As of 2010, Poppy was the 16th most popular female name in England/Wales. Her rankings in other countries are as follows:
  • # 47 (Scotland, 2010)
  • # 52 (Northern Ireland, 2010)
  • # 66 (Australia, NSW, 2010)
In the United States, it doesn’t even rank in the top 1000. However, with its growing popularity in Britain along with its similar appeal to other red hot climbers such as Scarlett and Ruby, she just might be making her way into the top 1000 by next year.
Another interesting side note is that Poppy is the flower of the month of August. Not a bad choice for an August baby.
A famous American bearer is CNN news anchor and reporter, Poppy Harlow (née Katharine) b.1982

Bruno

 

Gender: Masculine
Origin: German
Meaning: “brown.”
(BROO-no)

The name has a Latin sound but is actually of German origins. It is derived from the German word brun meaning “brown.” A follower of my blog, Capucine, informed me that the meaning of the name was originally a euphemism for a bear.
It has also been suggested that the name maybe related to the Old High German, brunja, meaning, “breastplate.”
According to askoxford.com, the name has been borne by German royalty and nobility alike. It was also borne by a 10th-century saint and the son of Emperor Henry the Fowler as well as by the Saxon Duke who gave his name to the town of Brunswick (in German Braunschweig).
The name has also experienced popular usage in Spanish speaking countries, as well as in Italy, Portugal and Poland. The only English speaking country the name has ever gotten much usage in is the United States.
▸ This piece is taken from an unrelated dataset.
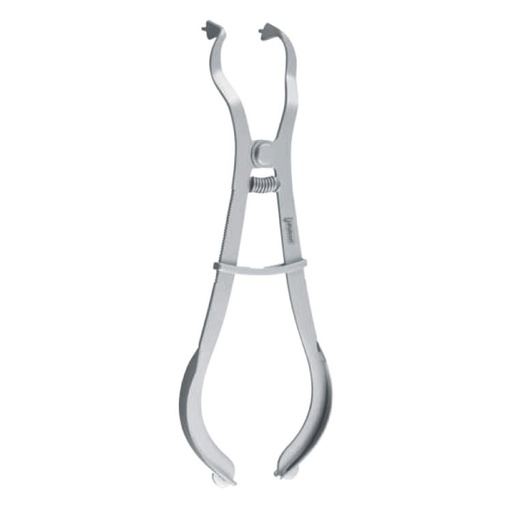 [DR.929.170] Rubber dam forceps Falcon 170mm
Thanks to the influx of German immigrants at the beginning of the 20th century it reached # 260 way back in 1915. The highest it has ever reached in the Social Security list. It currently comes in at a mere # 753. His rankings in other countries are as follows:
  • # 35 (Croatia, 2009)
  • # 43 (Catalonia, 2010)
  • # 46 (Chile, 2010)
  • # 56 (Spain, 2010)
Other forms of the name include:
  • Bruno (Croatian/Czech/Dutch/Finnish/French/German/Icelandic/Italian/Polish/Portuguese/Romansch/Scandinavian/Slovak/Slovene/Spanish)
  • Brun (German)
  • Brúnó (Hungarian)
  • Brunone (Italian)
  • Broen (Limbergish)
  • Brunon (Occitanian/Polish)
The feminine form of Bruna is a popular name in Brazil, Italy and Croatia.
Other feminine forms are Brunonia, which is borne by author, Brunonia Barry, and the Polish Brunona a feminine form of the more obscure masculine Polish form of Brunon. Both forms are seldom heard in Poland these days, but it’s listed on their name-day Calender.
Italian feminine form is Brunella a derivative of the Italian masculine diminutive form Brunello.
Its designated name day is July 12.

Azur

Gender: Masculine
Origin: Bosnian
Meaning: “blue.”
(AH-zoor)

The name comes directly from the Bosnian word, azur, meaning, “blue.” It shares the same etymology with azure.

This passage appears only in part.